This morning I buckled my daughter into her seat. I set her backpack on the front passenger seat. Then I climbed into the driver’s seat of my old Jag and turned the key. BRZ-BRZ-BRZ-BRZ-CLK-CLK-CLK-CLK. It wouldn’t start. I believe the alternator needs a swap as the voltmeter in the car typically reads a touch low when I’m driving. And now that finally caught up to me.
We quickly swapped to the Montero, which fired up right away as its clattery V6 awoke with a far-too-cheerful for the morning sort of attitude. Almost as if to tell the Jag to get its shit together.
It’s not surprising that an old Jaguar wouldn’t fire up after I made it sleep outside all night. In fact, it’s almost an expected behavior for a car like this. What are other stereotypical car behaviors you’ve experienced with your own vehicles.?
After 6 years owning the same e39 m5, I’ve checked off most of the items on the ‘if you own it, it will break’ list, including:
Dead pixels on the dash
Dead pixels on the Navi screen
Headlight adjusters
Seat twist
Non retractable rear quarter sunshades
Not bad, really, for a car that is old enough to vote.
Still a must-own-someday car for me … Got to drive one once for 15 minutes and it was everything I hoped it would be.
It might be for sale in the near future. I’m strongly considering moving on from it, for a variety of reasons.
Nothing, that’s why I buy mostly new cars.
lol j/k my stupid over-engineered but delicate power-folding hardtop is definitely going to break.
Mostly, my Mazda2 still looks pretty decent after 7 years (I mean, a handful of rockchips and such), but the covers for the rear drums look like they were pulled from the bottom of the ocean, so I haven’t totally avoided Mazda rust (it’s also very noisy).
My hair has gotten greyer now that I drive a Buick.
Hillman Imp – have done a head gasket, but after accidentally slotting reverse when I meant to change down to 2nd, so I assume the massive compression lockup had something to do with it.
So far I’ve avoided most of the Imp stereotypes – after 30 years driving it I must be doing something right! The exception is water pumps. It’s eaten a few in that time and now the current one seems to be on the way out.
Had one develop a big leak when I drove it after it had been sitting for too long.
Actually on a brighter note the other stereotypical thing was I experienced the swing axle jacking effect. For those of you reading along at home the Imp has swing axles on the front, not the rear, and my car is lowered so has negative camber. I was running in an autocross when the front of the car lifted up dramatically, like driving up a ramp. I thought “aha I’ve read about that”, and eased the steering slightly and it came back down again.
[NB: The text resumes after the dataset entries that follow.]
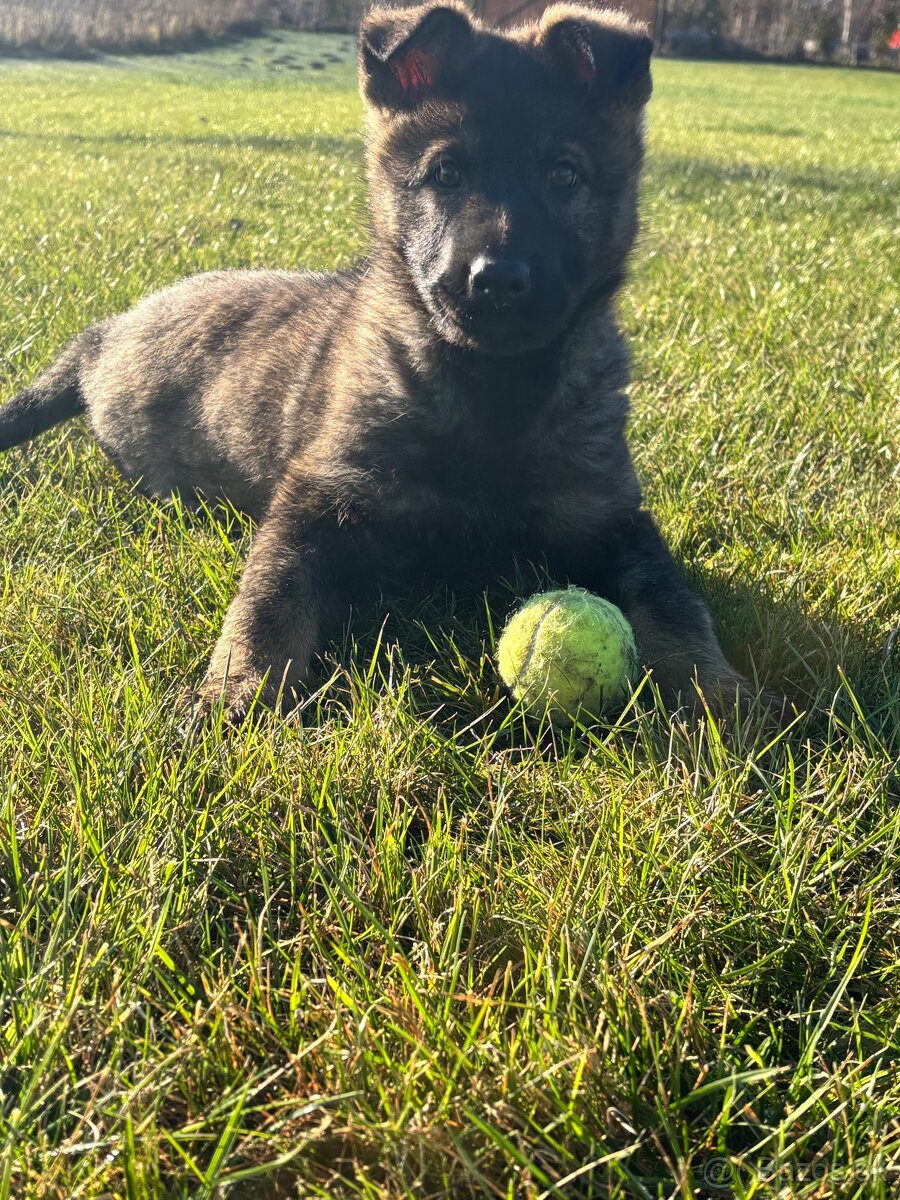 Nemecký ovčiak - 3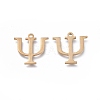 304 Stainless Steel Charms LS-STAS-K215-11G-2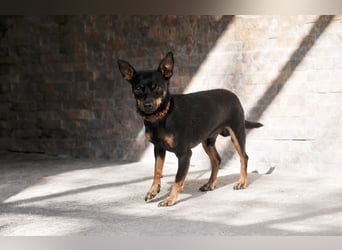 Darf Quiqui direkt wieder in ein weichen Körbchen ziehen?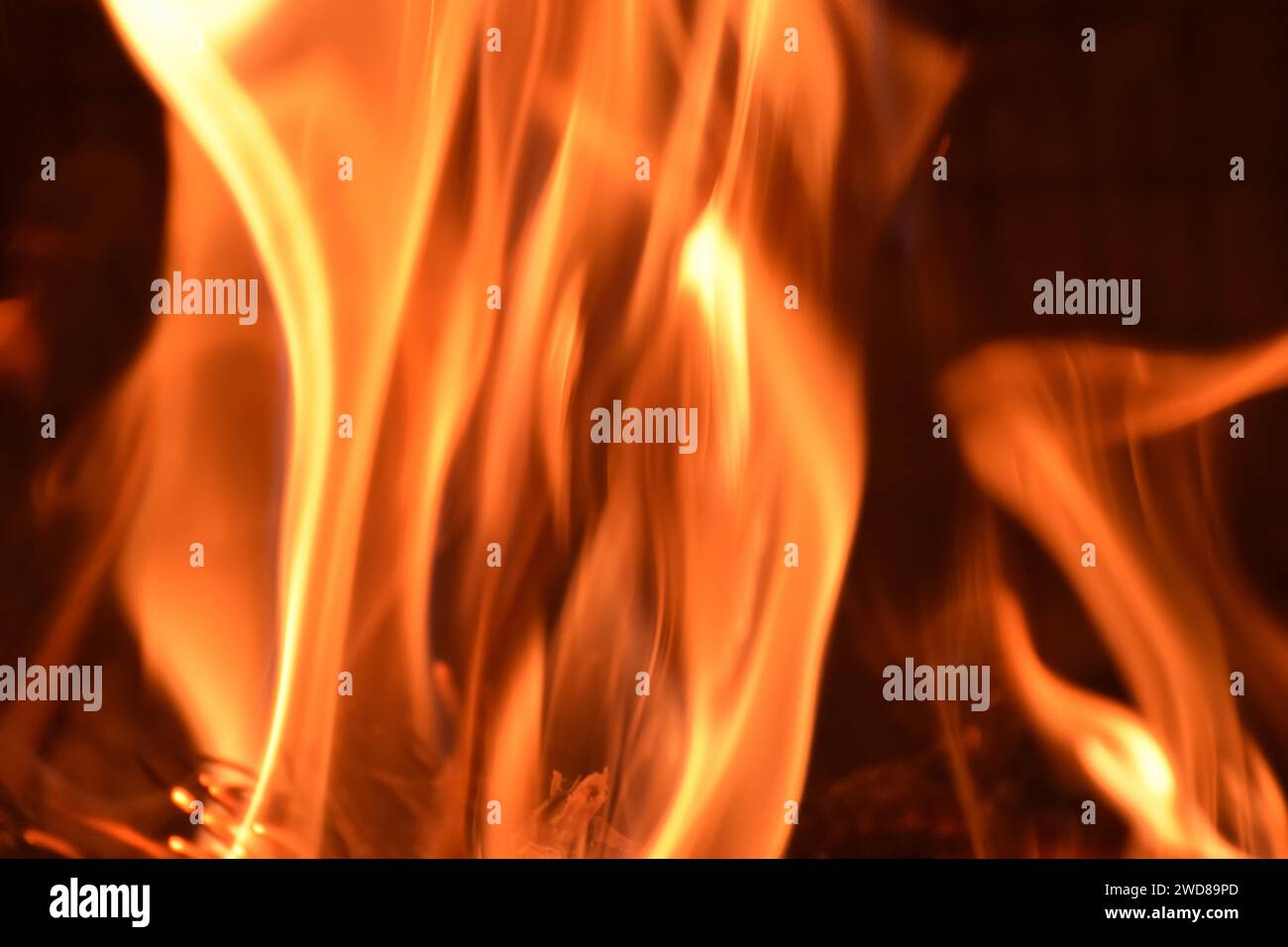 Fiamme di fuoco, rapida ossidazione del carburante, rilascio di calore, luce, fiamme. La fiamma è la parte visibile del fuoco con vari colori e intensità Foto Stock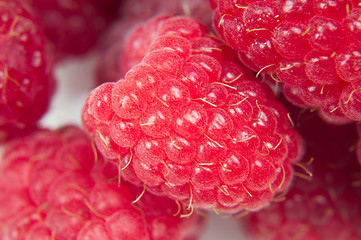 Image showing Macro shot of raspberry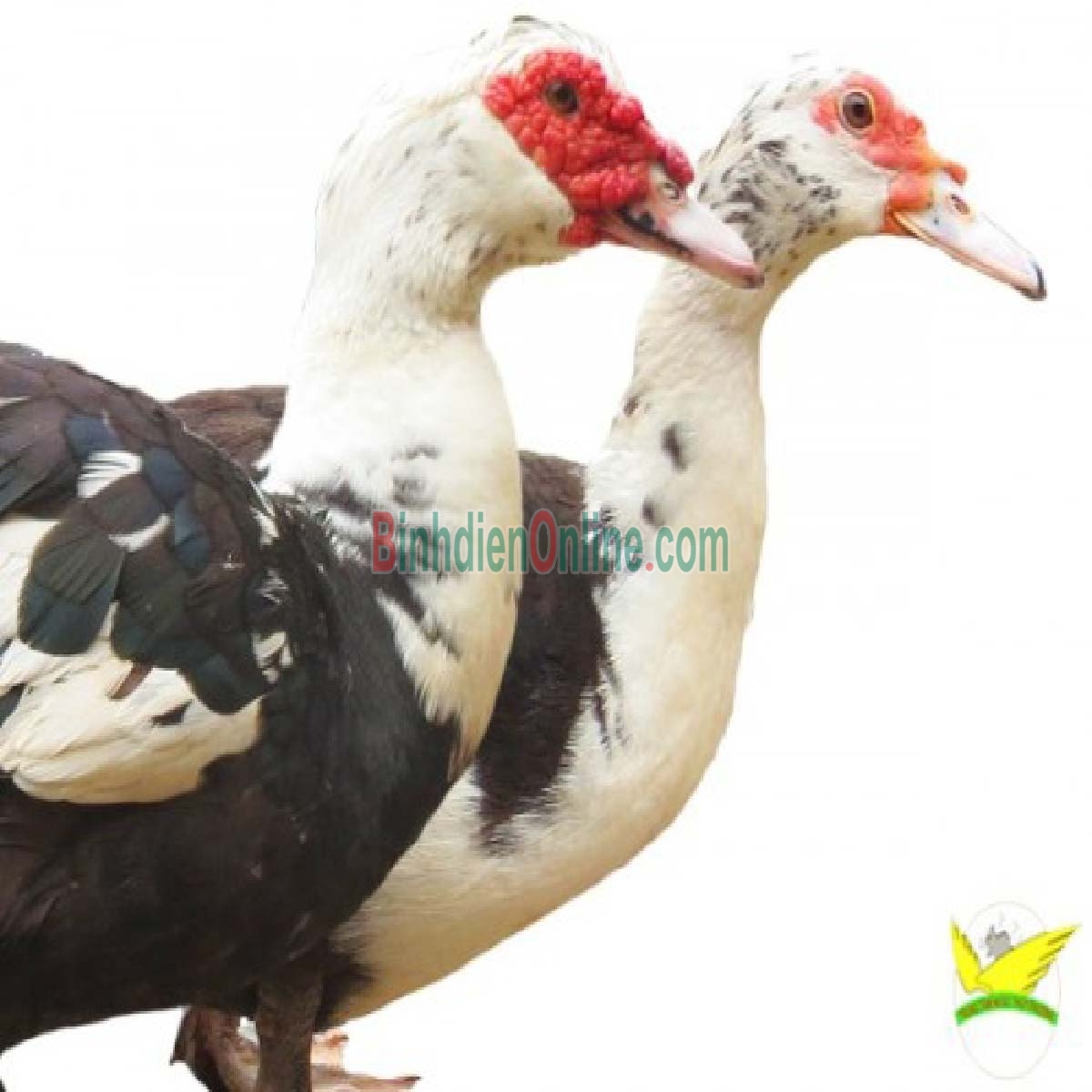 Vịt xiêm  sống, nuôi thiên nhiên giá tốt 3-4 kg/con Xuất xứ Tây Ninh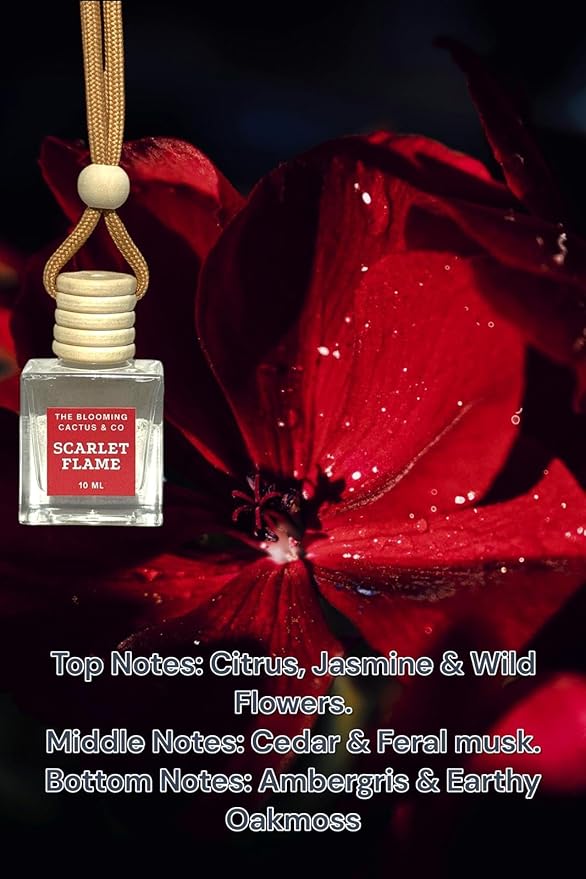 Automobile Diffuser, Long Lasting Car Air Freshener 2 Pack, Hanging Fresh Aroma Diffuser, Natural Essential Oil Fragrance for Removing Odors, Auto Interior Decor, Made in USA | SCARLET FLAME - 10 ML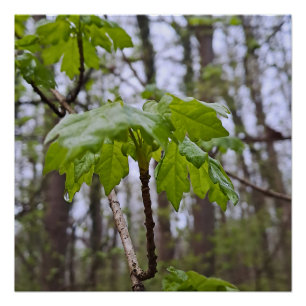 Póster Hojas del bosque después de la lluvia – Naturaleza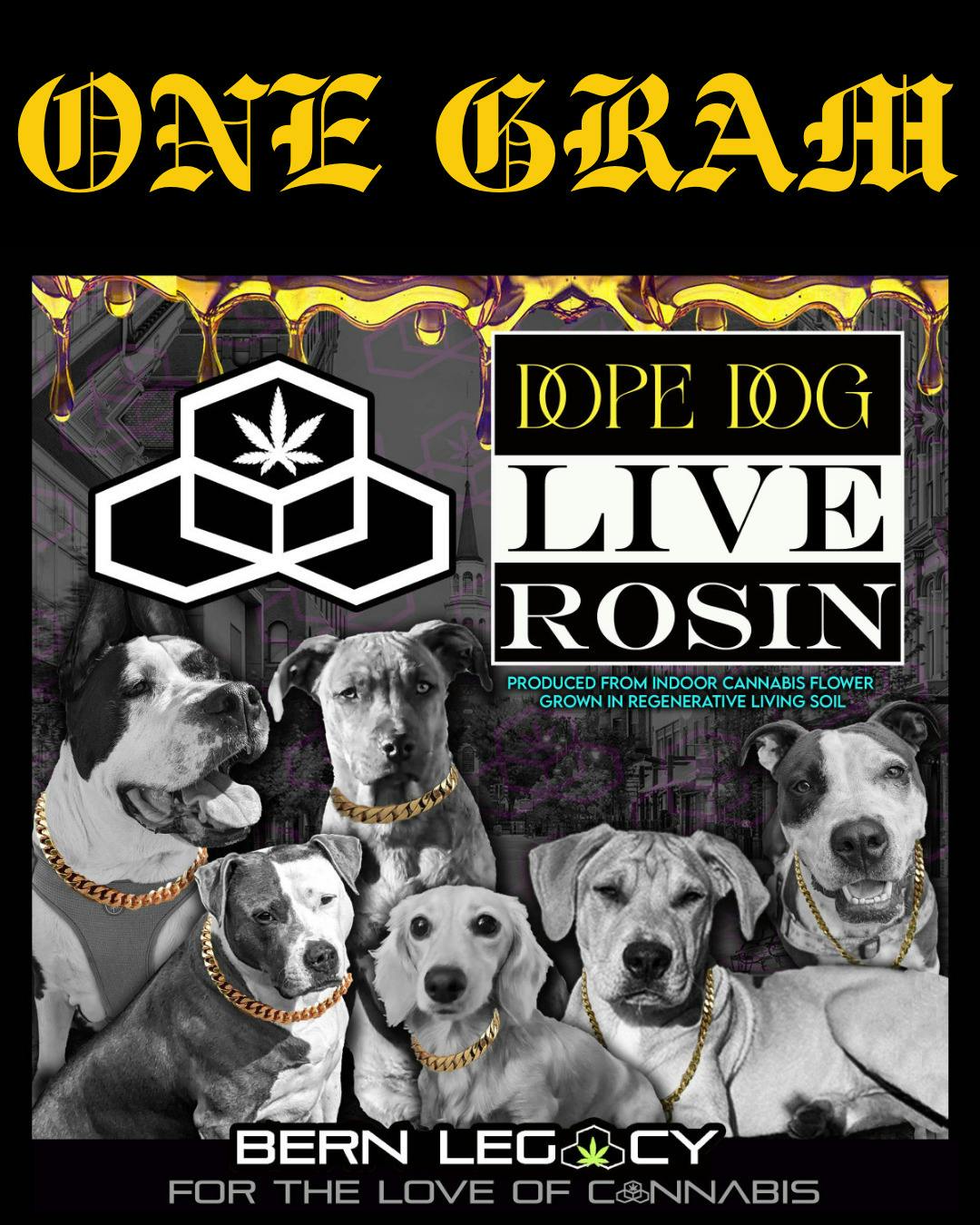 Bern Legacy - Dope Dog - 1G Live Rosin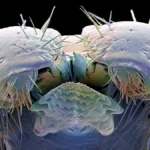 The Silent Epidemic: Why America is Losing the War on Tick-Borne Disease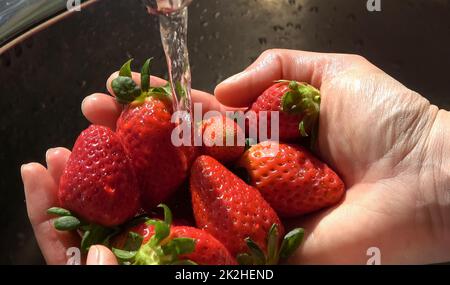 Fraises dans les mains des femmes sous le jet d'eau du robinet pour le lavage. Banque D'Images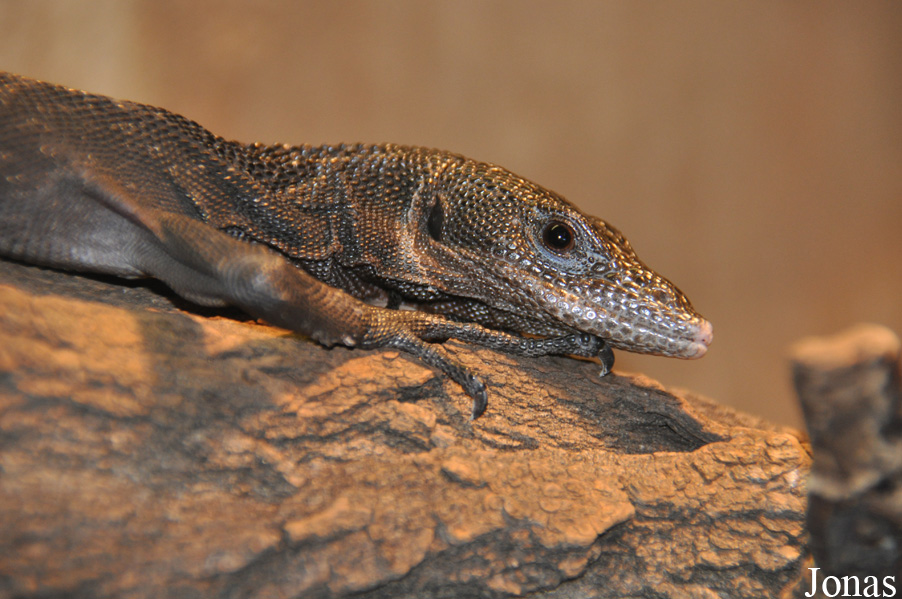 Varanus beccarii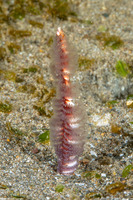 Virgularia sp.3 (Virgularia sp.3)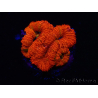 WYSIWYG Micromussa lordhowensis (ex Acanthastrea) 6G9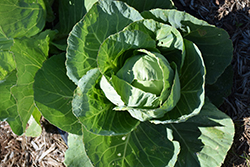 Green Express Cabbage (Brassica oleracea var. capitata 'Green Express') at Marlin Orchards & Garden Centre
Apparently the inside front wheel was a long way up in the air, but unfortunately nobody got a photo!
944: People telling me that there’s a VW engine in it. Yes, there are hundreds of VW part numbers in the vehicle, but hardly any in the engine. People telling me that that’s half a 928 engine. Luckily no, but they shared a lot of tools under production/assembly.
Vivaro!
Renault electronics: Airbag idiot lamp turns on every fall and takes 1kUSD to fix; this year’s episode is ongoing and will pop up in some News section soon.
GM cost management: interior is poor, some solutions are so uncommon that I have to tell the independent workshop (washer pump in reverse, plus a valve, will squirt on the rear windows, so please un-fix your fix so it will wet the rears again…)
Nissan longevity: yes, it’s acting up and looking shabby, but it will march on.
It’s funny to see people on YouTube who find a malaise era GM V8 car or truck in a field, and revive it to everyone’s amazement. How could a running, driving vehicle get put out to pasture? My friends and I drove some of those cars when they were 10-15 years old. It was too burdensome to keep one as a DD. At some point, you got tired of owning a car that was poorly designed, basically worth nothing because of the GM depreciation cliff, and dealing with it falling apart around a worn out engine that refused to die. “A GM car will run poorly longer than many cars will run.” RWAR-RWAR-RWAR(x10)-SPUTTER-ROAR.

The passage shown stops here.